§ **Information provided**
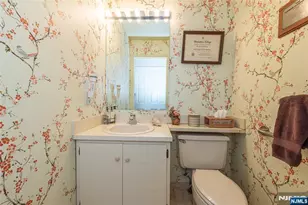 1 Birdseye Cir, Wayne, NJ 07470 - Photo 13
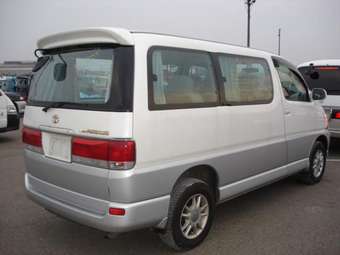 1999 Toyota Hiace Regius Wallpapers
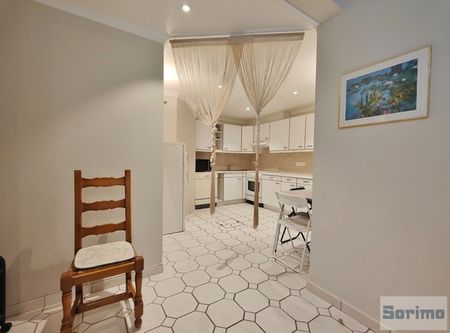 Rez-de-chaussée - à louer - Photo 3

§ **Directions**
The line containing "1999 Toyota Hiace Regius Wallpapers" and each line after it through the end of the listing above are to be written out exactly, without the pictures.

§ **Output below**
 1999 Toyota Hiace Regius Wallpapers
 Rez-de-chaussée - à louer - Photo 3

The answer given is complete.